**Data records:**
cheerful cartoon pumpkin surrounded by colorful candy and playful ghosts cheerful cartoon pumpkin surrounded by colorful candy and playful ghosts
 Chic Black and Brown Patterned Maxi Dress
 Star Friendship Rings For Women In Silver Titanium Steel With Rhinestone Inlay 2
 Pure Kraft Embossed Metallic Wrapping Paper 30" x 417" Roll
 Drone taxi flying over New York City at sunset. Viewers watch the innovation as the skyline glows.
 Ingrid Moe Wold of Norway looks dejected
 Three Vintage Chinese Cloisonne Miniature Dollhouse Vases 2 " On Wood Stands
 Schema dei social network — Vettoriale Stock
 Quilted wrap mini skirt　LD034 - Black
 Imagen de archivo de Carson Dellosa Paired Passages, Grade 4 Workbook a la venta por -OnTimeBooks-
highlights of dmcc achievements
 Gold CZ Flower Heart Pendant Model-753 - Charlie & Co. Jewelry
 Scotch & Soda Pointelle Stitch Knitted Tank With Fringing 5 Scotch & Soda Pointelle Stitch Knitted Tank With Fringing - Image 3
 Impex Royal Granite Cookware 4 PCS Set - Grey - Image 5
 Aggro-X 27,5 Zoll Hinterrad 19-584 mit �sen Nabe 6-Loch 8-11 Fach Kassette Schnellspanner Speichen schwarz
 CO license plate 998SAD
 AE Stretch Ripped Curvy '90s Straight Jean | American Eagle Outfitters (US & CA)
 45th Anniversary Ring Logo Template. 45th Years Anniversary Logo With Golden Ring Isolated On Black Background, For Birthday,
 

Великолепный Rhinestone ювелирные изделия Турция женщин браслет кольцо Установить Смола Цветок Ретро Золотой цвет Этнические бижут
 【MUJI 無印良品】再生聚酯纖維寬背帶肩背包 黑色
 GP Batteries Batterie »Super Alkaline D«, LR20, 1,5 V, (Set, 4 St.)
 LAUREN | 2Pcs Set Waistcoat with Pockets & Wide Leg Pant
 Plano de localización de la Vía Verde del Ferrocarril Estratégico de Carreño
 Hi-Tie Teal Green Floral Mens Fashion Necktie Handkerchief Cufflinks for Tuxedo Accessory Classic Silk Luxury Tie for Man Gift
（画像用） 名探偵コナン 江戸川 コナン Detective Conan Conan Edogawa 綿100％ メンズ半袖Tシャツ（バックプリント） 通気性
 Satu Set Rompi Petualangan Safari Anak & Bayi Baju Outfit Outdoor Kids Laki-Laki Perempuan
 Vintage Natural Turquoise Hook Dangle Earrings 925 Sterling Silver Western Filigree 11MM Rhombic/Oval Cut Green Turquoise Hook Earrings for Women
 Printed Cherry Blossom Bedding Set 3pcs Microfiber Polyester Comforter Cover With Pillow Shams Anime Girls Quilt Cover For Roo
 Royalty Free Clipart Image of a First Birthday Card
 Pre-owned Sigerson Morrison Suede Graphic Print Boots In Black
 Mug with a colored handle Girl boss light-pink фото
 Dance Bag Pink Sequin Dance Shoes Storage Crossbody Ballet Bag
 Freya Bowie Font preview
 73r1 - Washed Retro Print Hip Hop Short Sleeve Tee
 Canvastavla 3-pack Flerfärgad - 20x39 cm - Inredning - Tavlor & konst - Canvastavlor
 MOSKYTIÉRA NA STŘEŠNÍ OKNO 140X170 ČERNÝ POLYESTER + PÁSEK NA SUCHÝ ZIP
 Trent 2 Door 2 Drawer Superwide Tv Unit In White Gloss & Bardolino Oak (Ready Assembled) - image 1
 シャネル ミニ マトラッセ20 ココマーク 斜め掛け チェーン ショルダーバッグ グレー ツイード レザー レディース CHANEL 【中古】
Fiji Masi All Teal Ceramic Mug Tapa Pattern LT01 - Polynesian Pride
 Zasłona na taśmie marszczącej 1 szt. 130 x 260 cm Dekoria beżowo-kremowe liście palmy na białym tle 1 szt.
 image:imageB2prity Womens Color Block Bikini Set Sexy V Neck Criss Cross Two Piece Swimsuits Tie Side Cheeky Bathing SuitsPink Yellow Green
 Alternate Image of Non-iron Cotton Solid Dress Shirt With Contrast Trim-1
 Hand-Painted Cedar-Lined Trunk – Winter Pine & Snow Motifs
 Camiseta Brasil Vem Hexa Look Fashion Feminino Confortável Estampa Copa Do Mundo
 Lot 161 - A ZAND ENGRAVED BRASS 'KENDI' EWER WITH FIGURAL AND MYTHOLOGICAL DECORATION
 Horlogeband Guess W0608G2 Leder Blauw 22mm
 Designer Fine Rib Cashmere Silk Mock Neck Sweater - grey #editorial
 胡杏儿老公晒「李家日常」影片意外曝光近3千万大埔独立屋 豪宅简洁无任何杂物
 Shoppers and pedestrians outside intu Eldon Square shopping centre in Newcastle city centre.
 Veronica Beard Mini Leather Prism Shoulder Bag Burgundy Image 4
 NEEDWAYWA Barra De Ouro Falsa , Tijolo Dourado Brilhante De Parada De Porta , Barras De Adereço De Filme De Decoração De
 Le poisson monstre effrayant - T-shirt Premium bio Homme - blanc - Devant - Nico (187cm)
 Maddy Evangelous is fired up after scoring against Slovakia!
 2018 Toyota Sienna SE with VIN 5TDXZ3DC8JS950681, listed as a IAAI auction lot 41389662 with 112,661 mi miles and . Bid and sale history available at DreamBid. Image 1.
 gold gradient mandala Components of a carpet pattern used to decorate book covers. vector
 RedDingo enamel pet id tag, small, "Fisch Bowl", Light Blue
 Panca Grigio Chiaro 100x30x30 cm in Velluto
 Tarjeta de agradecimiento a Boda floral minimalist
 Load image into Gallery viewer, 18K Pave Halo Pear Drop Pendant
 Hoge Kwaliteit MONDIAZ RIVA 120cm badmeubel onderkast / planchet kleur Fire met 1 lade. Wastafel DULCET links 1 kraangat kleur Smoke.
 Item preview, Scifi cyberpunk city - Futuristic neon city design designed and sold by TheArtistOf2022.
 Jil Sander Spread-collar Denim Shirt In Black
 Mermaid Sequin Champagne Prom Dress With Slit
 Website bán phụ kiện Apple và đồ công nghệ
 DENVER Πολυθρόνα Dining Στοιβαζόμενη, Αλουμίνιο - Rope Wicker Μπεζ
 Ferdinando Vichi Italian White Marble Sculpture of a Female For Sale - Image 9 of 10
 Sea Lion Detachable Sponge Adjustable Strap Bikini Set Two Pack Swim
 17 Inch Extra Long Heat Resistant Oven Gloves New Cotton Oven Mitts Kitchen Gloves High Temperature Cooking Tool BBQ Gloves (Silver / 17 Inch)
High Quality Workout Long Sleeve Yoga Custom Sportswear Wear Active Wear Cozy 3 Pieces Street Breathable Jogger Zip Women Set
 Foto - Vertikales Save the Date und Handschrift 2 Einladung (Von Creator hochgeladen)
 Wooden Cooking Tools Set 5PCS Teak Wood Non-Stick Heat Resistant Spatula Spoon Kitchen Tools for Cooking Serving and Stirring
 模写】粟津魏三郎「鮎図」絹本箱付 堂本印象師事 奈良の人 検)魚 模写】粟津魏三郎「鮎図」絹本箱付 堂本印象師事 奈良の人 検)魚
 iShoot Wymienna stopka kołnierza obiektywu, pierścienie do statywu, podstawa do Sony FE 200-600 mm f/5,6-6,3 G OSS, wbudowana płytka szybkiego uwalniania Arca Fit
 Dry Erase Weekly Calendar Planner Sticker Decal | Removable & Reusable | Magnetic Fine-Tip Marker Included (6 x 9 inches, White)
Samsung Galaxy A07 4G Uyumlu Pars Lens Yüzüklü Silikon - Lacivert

**YOUR TASK:** Make an exact transcription of the entries above.

**ANSWER SECTION:**
cheerful cartoon pumpkin surrounded by colorful candy and playful ghosts cheerful cartoon pumpkin surrounded by colorful candy and playful ghosts
 Chic Black and Brown Patterned Maxi Dress
 Star Friendship Rings For Women In Silver Titanium Steel With Rhinestone Inlay 2
 Pure Kraft Embossed Metallic Wrapping Paper 30" x 417" Roll
 Drone taxi flying over New York City at sunset. Viewers watch the innovation as the skyline glows.
 Ingrid Moe Wold of Norway looks dejected
 Three Vintage Chinese Cloisonne Miniature Dollhouse Vases 2 " On Wood Stands
 Schema dei social network — Vettoriale Stock
 Quilted wrap mini skirt　LD034 - Black
 Imagen de archivo de Carson Dellosa Paired Passages, Grade 4 Workbook a la venta por -OnTimeBooks-
highlights of dmcc achievements
 Gold CZ Flower Heart Pendant Model-753 - Charlie & Co. Jewelry
 Scotch & Soda Pointelle Stitch Knitted Tank With Fringing 5 Scotch & Soda Pointelle Stitch Knitted Tank With Fringing - Image 3
 Impex Royal Granite Cookware 4 PCS Set - Grey - Image 5
 Aggro-X 27,5 Zoll Hinterrad 19-584 mit �sen Nabe 6-Loch 8-11 Fach Kassette Schnellspanner Speichen schwarz
 CO license plate 998SAD
 AE Stretch Ripped Curvy '90s Straight Jean | American Eagle Outfitters (US & CA)
 45th Anniversary Ring Logo Template. 45th Years Anniversary Logo With Golden Ring Isolated On Black Background, For Birthday,
 

Великолепный Rhinestone ювелирные изделия Турция женщин браслет кольцо Установить Смола Цветок Ретро Золотой цвет Этнические бижут
 【MUJI 無印良品】再生聚酯纖維寬背帶肩背包 黑色
 GP Batteries Batterie »Super Alkaline D«, LR20, 1,5 V, (Set, 4 St.)
 LAUREN | 2Pcs Set Waistcoat with Pockets & Wide Leg Pant
 Plano de localización de la Vía Verde del Ferrocarril Estratégico de Carreño
 Hi-Tie Teal Green Floral Mens Fashion Necktie Handkerchief Cufflinks for Tuxedo Accessory Classic Silk Luxury Tie for Man Gift
（画像用） 名探偵コナン 江戸川 コナン Detective Conan Conan Edogawa 綿100％ メンズ半袖Tシャツ（バックプリント） 通気性
 Satu Set Rompi Petualangan Safari Anak & Bayi Baju Outfit Outdoor Kids Laki-Laki Perempuan
 Vintage Natural Turquoise Hook Dangle Earrings 925 Sterling Silver Western Filigree 11MM Rhombic/Oval Cut Green Turquoise Hook Earrings for Women
 Printed Cherry Blossom Bedding Set 3pcs Microfiber Polyester Comforter Cover With Pillow Shams Anime Girls Quilt Cover For Roo
 Royalty Free Clipart Image of a First Birthday Card
 Pre-owned Sigerson Morrison Suede Graphic Print Boots In Black
 Mug with a colored handle Girl boss light-pink фото
 Dance Bag Pink Sequin Dance Shoes Storage Crossbody Ballet Bag
 Freya Bowie Font preview
 73r1 - Washed Retro Print Hip Hop Short Sleeve Tee
 Canvastavla 3-pack Flerfärgad - 20x39 cm - Inredning - Tavlor & konst - Canvastavlor
 MOSKYTIÉRA NA STŘEŠNÍ OKNO 140X170 ČERNÝ POLYESTER + PÁSEK NA SUCHÝ ZIP
 Trent 2 Door 2 Drawer Superwide Tv Unit In White Gloss & Bardolino Oak (Ready Assembled) - image 1
 シャネル ミニ マトラッセ20 ココマーク 斜め掛け チェーン ショルダーバッグ グレー ツイード レザー レディース CHANEL 【中古】
Fiji Masi All Teal Ceramic Mug Tapa Pattern LT01 - Polynesian Pride
 Zasłona na taśmie marszczącej 1 szt. 130 x 260 cm Dekoria beżowo-kremowe liście palmy na białym tle 1 szt.
 image:imageB2prity Womens Color Block Bikini Set Sexy V Neck Criss Cross Two Piece Swimsuits Tie Side Cheeky Bathing SuitsPink Yellow Green
 Alternate Image of Non-iron Cotton Solid Dress Shirt With Contrast Trim-1
 Hand-Painted Cedar-Lined Trunk – Winter Pine & Snow Motifs
 Camiseta Brasil Vem Hexa Look Fashion Feminino Confortável Estampa Copa Do Mundo
 Lot 161 - A ZAND ENGRAVED BRASS 'KENDI' EWER WITH FIGURAL AND MYTHOLOGICAL DECORATION
 Horlogeband Guess W0608G2 Leder Blauw 22mm
 Designer Fine Rib Cashmere Silk Mock Neck Sweater - grey #editorial
 胡杏儿老公晒「李家日常」影片意外曝光近3千万大埔独立屋 豪宅简洁无任何杂物
 Shoppers and pedestrians outside intu Eldon Square shopping centre in Newcastle city centre.
 Veronica Beard Mini Leather Prism Shoulder Bag Burgundy Image 4
 NEEDWAYWA Barra De Ouro Falsa , Tijolo Dourado Brilhante De Parada De Porta , Barras De Adereço De Filme De Decoração De
 Le poisson monstre effrayant - T-shirt Premium bio Homme - blanc - Devant - Nico (187cm)
 Maddy Evangelous is fired up after scoring against Slovakia!
 2018 Toyota Sienna SE with VIN 5TDXZ3DC8JS950681, listed as a IAAI auction lot 41389662 with 112,661 mi miles and . Bid and sale history available at DreamBid. Image 1.
 gold gradient mandala Components of a carpet pattern used to decorate book covers. vector
 RedDingo enamel pet id tag, small, "Fisch Bowl", Light Blue
 Panca Grigio Chiaro 100x30x30 cm in Velluto
 Tarjeta de agradecimiento a Boda floral minimalist
 Load image into Gallery viewer, 18K Pave Halo Pear Drop Pendant
 Hoge Kwaliteit MONDIAZ RIVA 120cm badmeubel onderkast / planchet kleur Fire met 1 lade. Wastafel DULCET links 1 kraangat kleur Smoke.
 Item preview, Scifi cyberpunk city - Futuristic neon city design designed and sold by TheArtistOf2022.
 Jil Sander Spread-collar Denim Shirt In Black
 Mermaid Sequin Champagne Prom Dress With Slit
 Website bán phụ kiện Apple và đồ công nghệ
 DENVER Πολυθρόνα Dining Στοιβαζόμενη, Αλουμίνιο - Rope Wicker Μπεζ
 Ferdinando Vichi Italian White Marble Sculpture of a Female For Sale - Image 9 of 10
 Sea Lion Detachable Sponge Adjustable Strap Bikini Set Two Pack Swim
 17 Inch Extra Long Heat Resistant Oven Gloves New Cotton Oven Mitts Kitchen Gloves High Temperature Cooking Tool BBQ Gloves (Silver / 17 Inch)
High Quality Workout Long Sleeve Yoga Custom Sportswear Wear Active Wear Cozy 3 Pieces Street Breathable Jogger Zip Women Set
 Foto - Vertikales Save the Date und Handschrift 2 Einladung (Von Creator hochgeladen)
 Wooden Cooking Tools Set 5PCS Teak Wood Non-Stick Heat Resistant Spatula Spoon Kitchen Tools for Cooking Serving and Stirring
 模写】粟津魏三郎「鮎図」絹本箱付 堂本印象師事 奈良の人 検)魚 模写】粟津魏三郎「鮎図」絹本箱付 堂本印象師事 奈良の人 検)魚
 iShoot Wymienna stopka kołnierza obiektywu, pierścienie do statywu, podstawa do Sony FE 200-600 mm f/5,6-6,3 G OSS, wbudowana płytka szybkiego uwalniania Arca Fit
 Dry Erase Weekly Calendar Planner Sticker Decal | Removable & Reusable | Magnetic Fine-Tip Marker Included (6 x 9 inches, White)
Samsung Galaxy A07 4G Uyumlu Pars Lens Yüzüklü Silikon - Lacivert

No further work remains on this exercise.